The federal government’s leftist ESG agenda is threatening to pervert the nation’s entire market-based system, Utah State Treasurer Marlo Oaks warns.
The ESG (environmental, social, governance) threat is especially acute in Western states like Utah, Oaks explained in a Daily Signal podcast interview published Wednesday:
“In Utah, we have the second-largest amount of federal land that’s managed by the federal government. Over 67% of the land of the entire state is federally owned.”
“That kind of federal ownership puts a lot of pressure on land use, particularly when there’s an effort to change historical norms,” Oaks said, citing the Biden-Harris administration’s initiatives to remove land from productive use.
Government-issued conservation leases, for example, can take precedence and prohibit land uses, like natural resource extraction and grazing, in the name of alleged man-made climate change, Oaks said:
“Grazing is a big issue in Utah, because over 70% of grazing takes place on federal land. So, there’s a very serious threat to agriculture.”
“We’re often in a fiduciary role, because we’re overseeing investment portfolios, whether it’s pension or operating money, tax money, that sort of thing,” the Utah treasurer said.
ESG threatens to fundamentally alter America’s successful free market system, Oaks warned:
“And so, these kinds of issues definitely play into our area, because we’re talking about a fundamental change of our market-based system.
“When you have a market-based system, part of the beauty is that decisions are to be made on an economic basis. And it’s almost a blindfold analogous to the legal system that the decisions you make as a financial officer be based on risk and return and, kind of, these traditional metrics.

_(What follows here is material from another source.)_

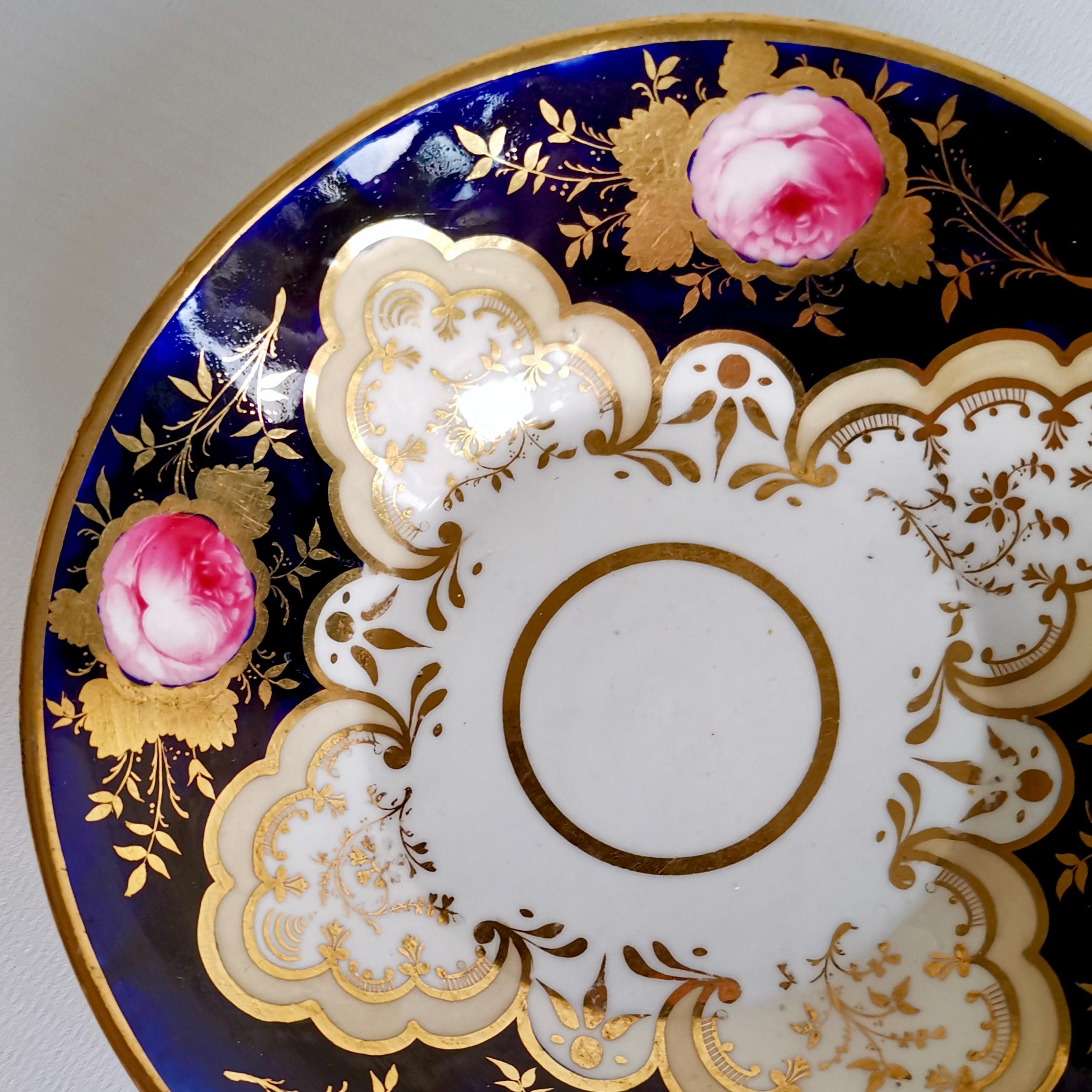 Trio Attributed to Rathbone, Cobalt Blue and Roses, Regency, circa 1820 1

“And what’s happened with ESG is introducing non-economic metrics that really are political in nature. And it threatens the economic system, because it will change how decisions are made and how capital is allocated.”
The sole purpose of ESG is to punish those who don’t submit to its agenda, Oaks explained, using ESG’s attack on the fossil fuel industry as an example:
“And that’s really the whole point behind ESG is to punish those who are considered not adopting the right agenda – punishing them with either not being allowed access to capital or making it more expensive to access capital. So, you see that the fossil fuel companies have a challenge getting capital for projects, whether it’s coal or oil or whomever.
“So, ESG really is a threat to our free enterprise system, because it attempts to change how capital is allocated. It politicizes that whole process.”
“All of us should consider it a threat to our most basic economic freedoms,” Oaks said.
“It really is a wake-up call to us to understand what our fiduciary duty is and to exercise that in a way that is appropriate and has been traditional law for decades in the United States,” Oaks said, warning that money managers need to constantly be on the lookout, because ESG attacks can come from a wide range of sources and directions:
“Federal government overreach is being seen in so many different areas. So, it’s keeping an eye on those different potential areas that could be abused trying to drive an agenda at the expense of citizens of the state.”